(WORK REQUIRED):
Pictures stay out, but every line of the data is copied exactly.

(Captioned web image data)

== Segment start ==

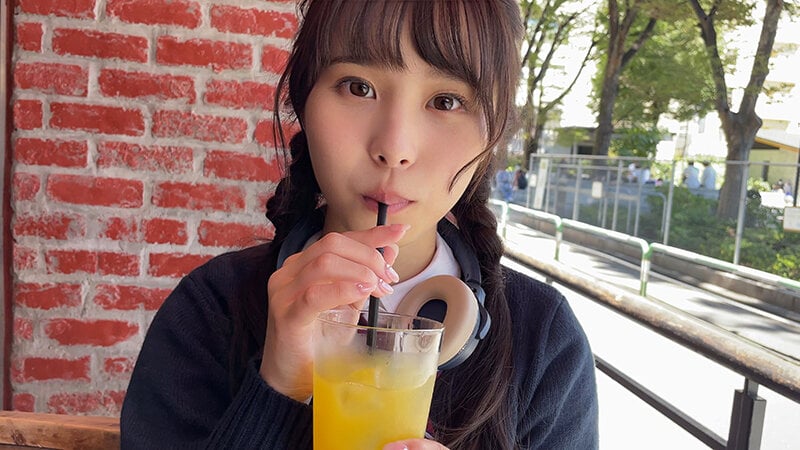 軽音楽部 ガールズバンド・ベース担当の美少女 活動サポートしてほしくて慣れないSEXで一生懸命サービスハメ撮り。【流出】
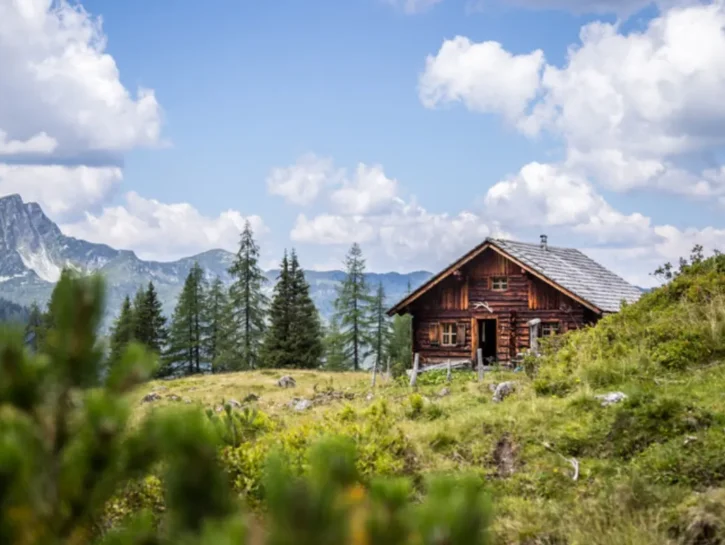 Case a 1 euro in montagna, boom di richieste: perché sempre più persone scelgono le Dolomiti vicentine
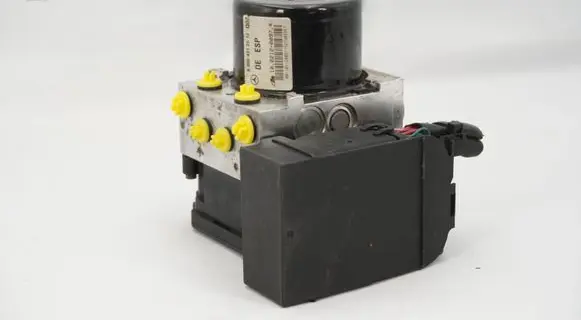 Mercedes-Benz C W204 ABS Pump A0064312512 A2045454632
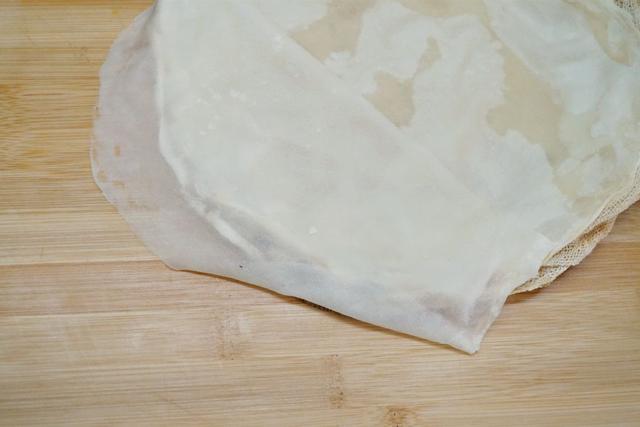 春天到了，教你做春饼，一次能做十多张，透明筋道不破皮，省事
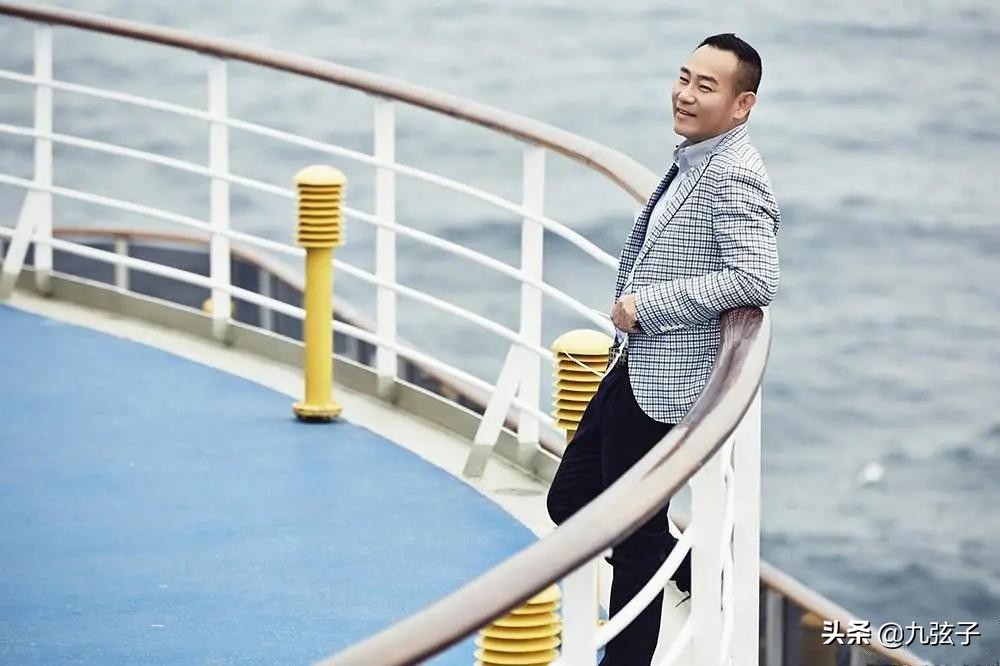 TVB“末代皇帝”林保怡的双面人生，57岁依然单身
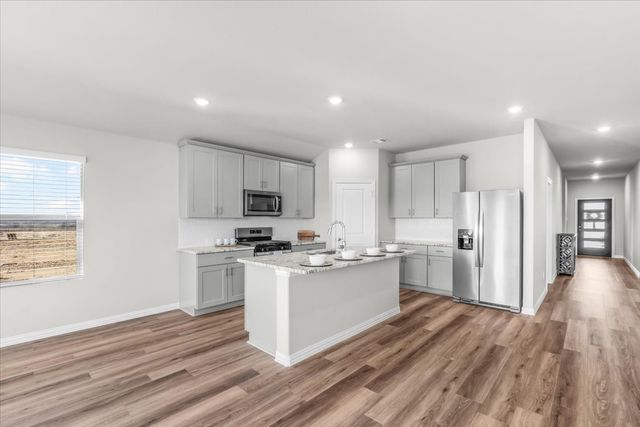 6653 Valley Lake Lane, Fort Worth, TX 76036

== Segment end ==

(RESPONSE AREA):
 軽音楽部 ガールズバンド・ベース担当の美少女 活動サポートしてほしくて慣れないSEXで一生懸命サービスハメ撮り。【流出】
 Case a 1 euro in montagna, boom di richieste: perché sempre più persone scelgono le Dolomiti vicentine
 Mercedes-Benz C W204 ABS Pump A0064312512 A2045454632
 春天到了，教你做春饼，一次能做十多张，透明筋道不破皮，省事
 TVB“末代皇帝”林保怡的双面人生，57岁依然单身
 6653 Valley Lake Lane, Fort Worth, TX 76036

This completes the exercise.